Devlet İstatistik Enstitüsü verilerine göre Türkiye ekonomisi 2001 yılında yüzde 9.4 küçülme yaşarken 2000 yılında 3095 dolar olan kişi başına milli gelir de yüzde 27.2 azalarak 2160 dolara düştü. 2000 yılı Kasım ayında yaşanan krizin ardından 2001 yılı Şubat ayında dalgalı kura geçişle derinleşen ekonomik kriz sonucunda Gayri Safi Milli Hasıla'da (GSMH) ortaya çıkan 9.4'lük azalma, İkinci Dünya Savaşı'ndan bu yana Türkiye ekonomisinin yaşadığı en yüksek oranlı küçülme oldu. Türkiye ekonomisi İkinci Dünya Savaşı sonrasında 1945 yılında yüzde 15.3 küçülmüştü.

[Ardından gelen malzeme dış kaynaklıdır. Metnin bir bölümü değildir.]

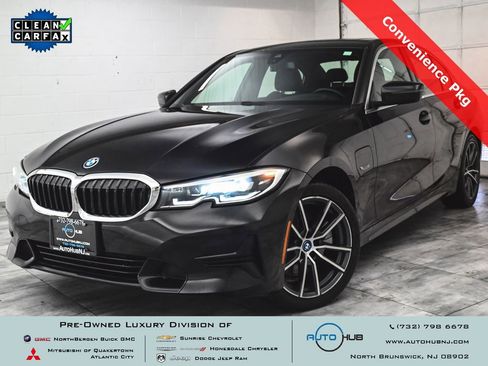 Used 2022 BMW 330e xDrive image 1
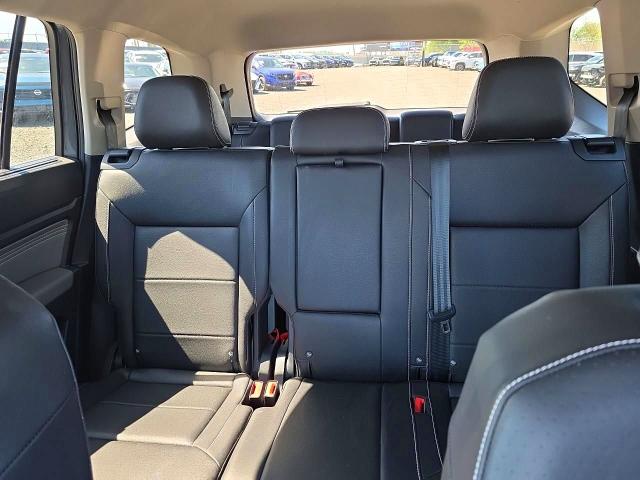 Photo 10 from auction – 2023 VOLKSWAGEN ATLAS with VIN 1V2HR2CA9PC531536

Bundan önceki en yüksek küçülme oranları GSMH'nin yüzde 6.1 oranında düştüğü 1994 ve 1999 yıllarında gerçekleşmişti.
AB üyeliğini zorlayan Türkiye için bu rakamlar hiç de iç açıcı değil. AB'de kişi başına milli gelir ortalama 22.500 dolar. Avrupa Birliği aday ülkelerinde ise bu oran 7600 dolar. Lüksemburg AB içinde kişi başına milli gelirin en yüksek olduğu ülke, Lüksemburg'da 33.505 dolara ulaşan bu rakam Danimarka'da 32.695, Almanya'da 25.350, İtalya'da 19.888, Yunanistan'da 11.697 dolar. AB adayı ülkelerin tümü kişi başına milli gelir rakamlarında Türkiye'den çok daha iyi bir ekonomik manzara sunuyorlar. Bulgaristan 6300 dolar, Kıbrıs Rum Kesimi 19.400 dolar, Malta 12.600 dolar, Litvanya 6.700 dolar ve Romanya 5.200 dolar kişi başına milli gelire sahip.
Bütün sektörlerde düşüş
DİE'nin 2001 yılına ilişkin açıkladığı GSMH rakamlarına göre, sabit fiyatlarla sektörel bazda Devlet Hizmetleri, Kâr Amacı Olmayan Kuruluşlar ve Konut Sahipliği dışında bütün sektörlerde küçülme yaşandı. Devlet Hizmetleri'nde büyüme yüzde 1.5 olurken, Kâr Amacı Olmayan Kuruluşlar'daki büyüme oranı da yüzde 0.2 düzeyinde sonuçlandı. Konut Sahipliği'nde büyüme hızı ise yüzde 2.1 olarak gerçekleşti.
2001 yılında en fazla küçülme yüzde 25.1 ile ithalat vergisinde gerçekleşti. İthalat vergisinin ardından yüzde 9.9 ile mali kuruluşlar, yüzde 9.4 ile ticaret, 7.5 ile sanayide küçülme kaydedildi. Sektörler itibariyle büyüme hızlarına bakıldığında, Serbest Meslek ve Hizmetler sektöründe küçülme yüzde 7.4, tarım sektöründe yüzde 6.1, inşaatta ise yüzde 5.9 düzeyinde gerçekleşti.